# Good Size for Baby Blanket



## Cocoa (Jul 23, 2012)

I am seeking advise on what would be a good size to make a knitted baby blanket. 

Never having made a baby blanket before, I am unsure about the size. I do not want it too too big, but I would also like it big enough to use for more than just a few months. 

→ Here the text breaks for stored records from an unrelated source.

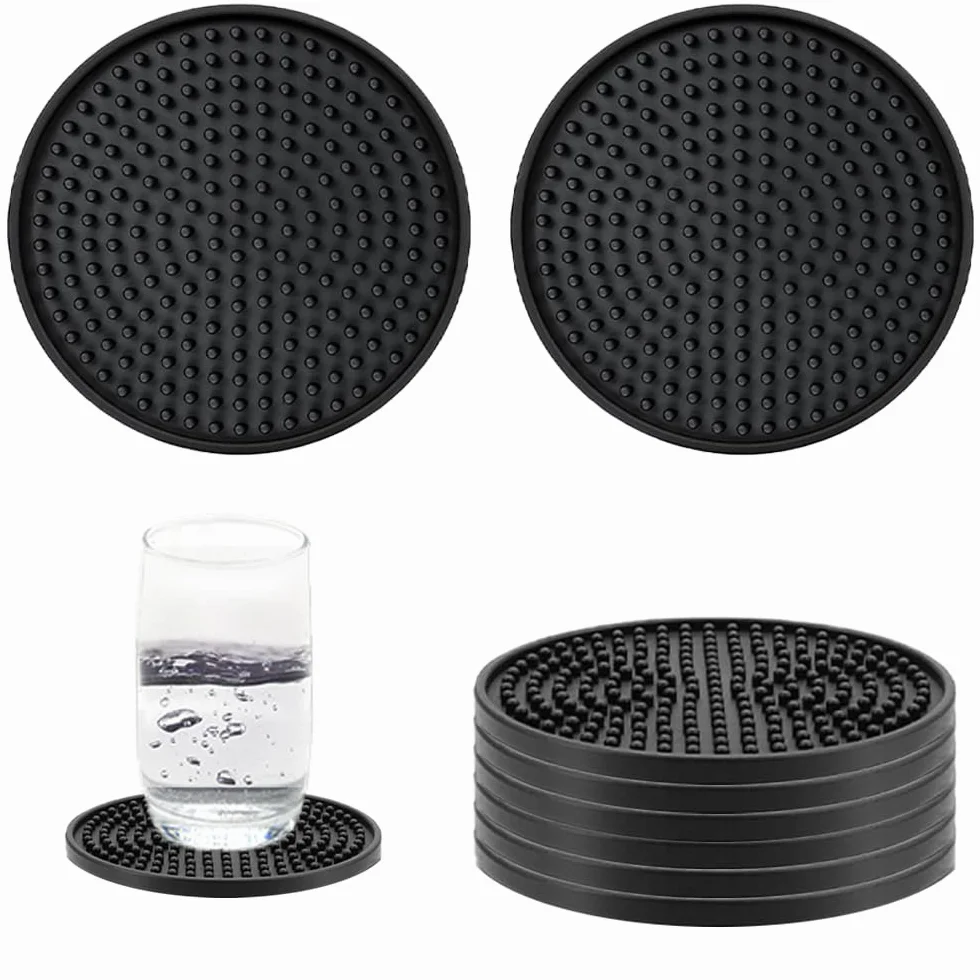 8 posavasos redondos de silicona antideslizantes para tazas y mesas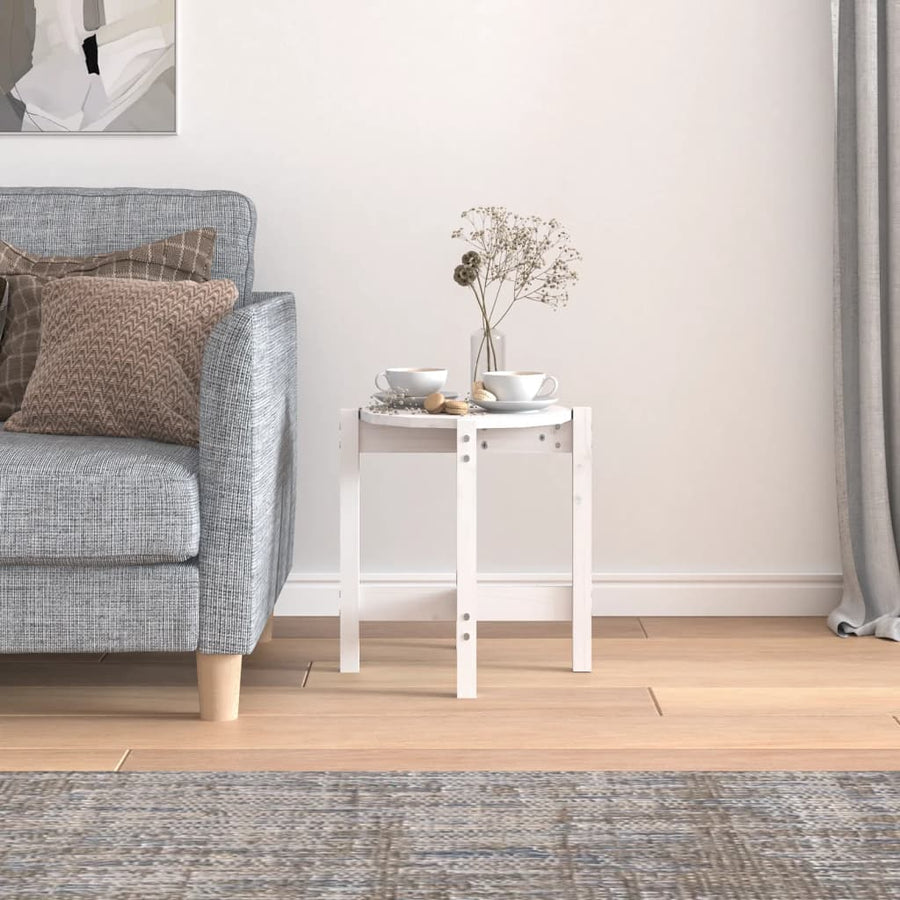 Salontafel Ø 42,5x45 cm massief grenenhout wit Ø 42.5 x 45 cm Wit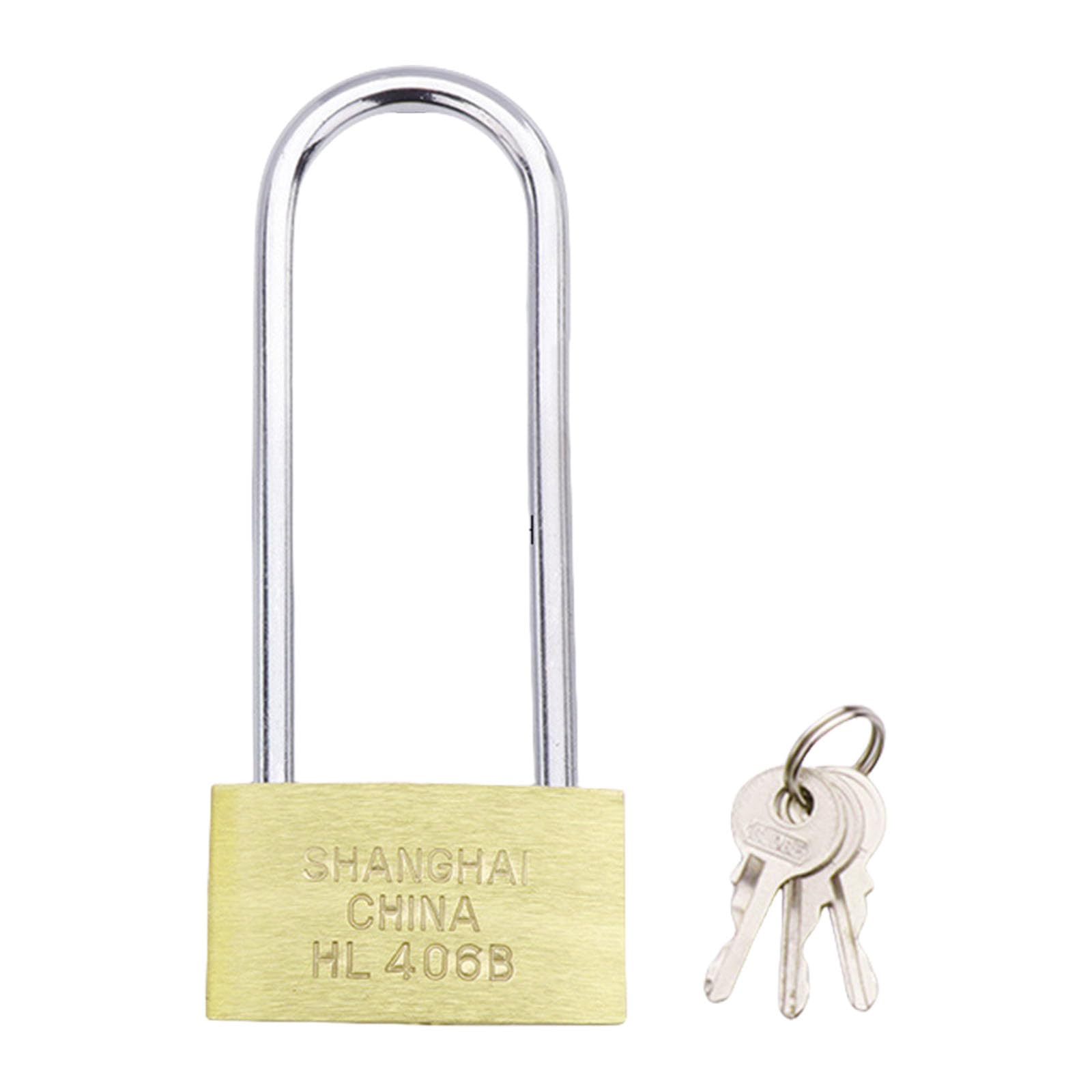 Buxuaaaa Open Practical Long Shackles Padlocks 4 Included Portable Weatherproof Brass For Garage Cabinets Sheds Use Brass Long Padlocks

I will be designing the pattern myself based on a dish cloth pattern I like.


----------



## DebraSundhausen (Jan 28, 2011)

Generally they are 24" to 36". If I want it a little bigger I go with 48".


----------



## galaxycraft (Feb 15, 2011)

I make mine to use in a crib.
30x36
32x38
34x40
36x42 (This size is also good for the top of a child's bed)


----------



## E P Guinn (Jun 1, 2014)

for 4 ply yarn I co 110 st and knit whatever pattern till it is 40" long. The Mamas I have gifted prefer this size.


----------



## GrandmaNona (Aug 2, 2013)

I make mine 36 x 48 inches. These can be used as a blanket, a floor mat, a youth bed cover, a lap robe, and around the shoulders when watching tv. This way the child can use it for years and get more use out of it than a smaller "baby" blanket.

Enjoy your fiber arts,
GrandmaNona


----------



## marilyngf (Nov 5, 2011)

I do them 36x48 also. Crib sized and they are used for a lot of years


----------



## cah (Oct 2, 2014)

When my son was born I received a 36 inch square, among others, but that's the one I liked best, and that's the one the kid dragged around with him until it disintegrated. The next one Grandma made him was like around 32 x 38.


----------



## dragonfly7673 (May 13, 2014)

A friend of mine loves making blankets and generally she makes them til she runs out of yarn so they come out in different sizes. She never worries about it. Her philosophy was it will be appropriate for something. A car seat, a picnic blanket, a crib, to cover a nursing mom, etc.


----------



## Carole Jeanne (Nov 18, 2011)

36 by 40 or square--otherwise theyre too small by 3 months


----------



## diansirkin (Feb 3, 2012)

For Project Linus blankets, they must be a minimum of 36 inches.
Dian


----------



## ParkerEliz (Mar 21, 2011)

I usually do about 40 inches square also. That is because I usually do something lacy, center out and knit in the round. 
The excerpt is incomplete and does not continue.